5. Retelling through Reenactment
In Góra Kalwaria, the town in Poland that the Ger Hasidic movement originates from, families would pour water on their floor, and then family members would reenact the moment when the Israelites crossed the Red Sea by walking through it. This custom always occurs on the seventh day of Passover, because Jewish tradition says that the seventh day is when the Israelites reached the sea. As they walk through the water, some Jews will name the towns and cities that their ancestors were displaced from in Europe.
Some Romanian Jewish families also recreated scenes from the Exodus by filling a bag or pillowcase with heavy objects and walking around the seder table several times while carrying it, to remember the Israelites leaving Egypt with their belongings on their backs.
6. Pharoah’s Cup
While filling a cup for Elijah — and sometimes for Miriam and/or Ruth — is a familiar ritual at most seders, the Jews of India also fill a cup not for a hero but a villain: Pharaoh. The wine from this cup is then dumped into the glasses of each seder participant, as a snub at the wicked Egyptian king.
7. No Seder Plate Here
Yemenite Jews don’t use a dish for their seder plate. Instead, the entire table is utilized as a seder plate, with the vegetables arranged aesthetically. This lack of a plate likely reflects ancient practice. In the time of the rabbis, food was commonly served on trays that were set on stools to create individual tables for eating.
Jews in Tunisia similarly do not use a plate; instead, the ritual foods that are otherwise found on a seder plate are placed into a reed basket, to evoke Moses being placed in a basket as an infant. The matriarch of the house then takes the reed basket and hovers it over each guest’s head. The matriarch says, “We left Egypt.” The guest replies, “Yesterday, we were slaves. Today, we are free. This year, we are here. Next year, we will be free people in the land of Israel.”

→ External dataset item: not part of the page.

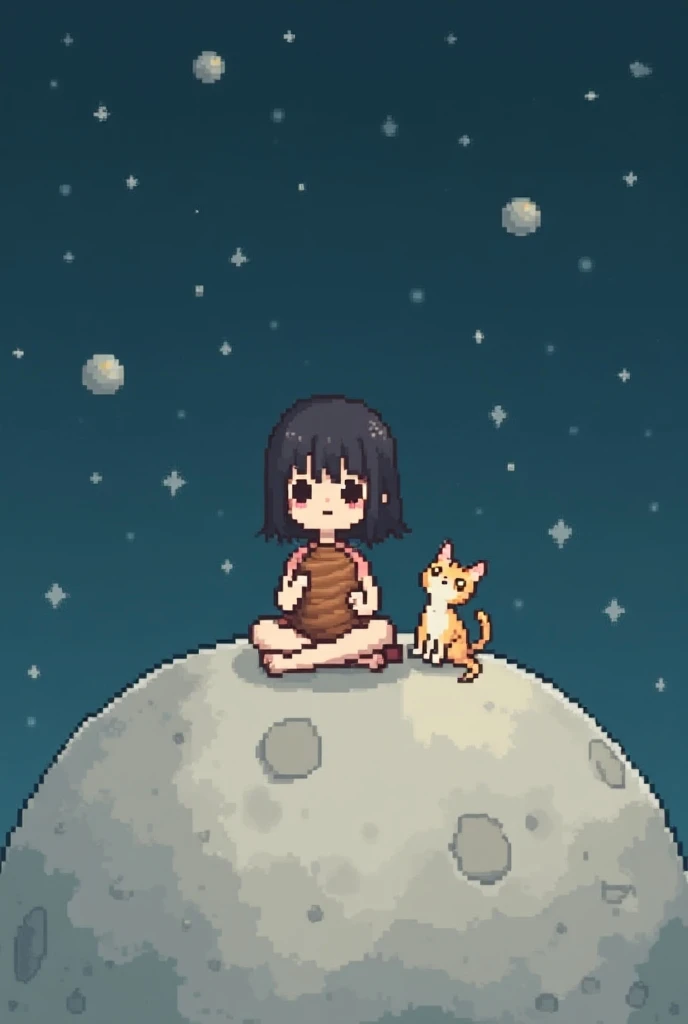 ((pixel game picture style)) story Moon is sitting on the moon eating a bun and the cat Luna is next to her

Jewish communities in Morocco recite a similar dialogue; however, Moroccan Jews use a seder plate rather than a reed basket.
8. Passover in Ethiopia
Since Beta Israel Jews did not encounter rabbinic Judaism until the 1900s, Passover celebrations in Ethiopia were derived solely from local customs and the Torah. Ethiopian Jews understood the word hametz to include all fermented foods, and would refrain from consuming yogurt, butter, cheese and any leavened drinks.
Beta Israel would also perform the ritual slaughtering of a Passover lamb and smear its blood above the entrances to their synagogues. In place of haggadot, the Israelites’ oppression and liberation was recounted by reading directly from a sefer Torah.
Today, many Ethiopian Jews — especially in Israel — have adopted rabbinic customs like haggadot and seder plates.
9. Mystical Yachatz
In many Jewish communities that originate in North Africa, breaking the middle matzah (yachatz) takes on a mystical meaning. The matzah is broken to resemble the Hebrew letter “hey,” which has kabbalistic connotations of redemption at the seder. The letter hey was chosen because its numerical value is five and the fifth cup of wine at the seder is poured for Elijah, the prophet that will announce the coming of the messiah.
Some Syrian Jews break the middle matzah to resemble the Hebrew letters “dalet” and “vav.” The numerical values of the letters add up to 10, which can represent the 10 plagues or the 10 sefirot — mystical emanations of God.
10. Scallion Whips
When chanting Dayenu, some Persian and Afghan Jews have the custom of beating each other lightly on the back with scallions or leeks. This tradition symbolizes the whipping that the Israelites endured in Egypt while enslaved.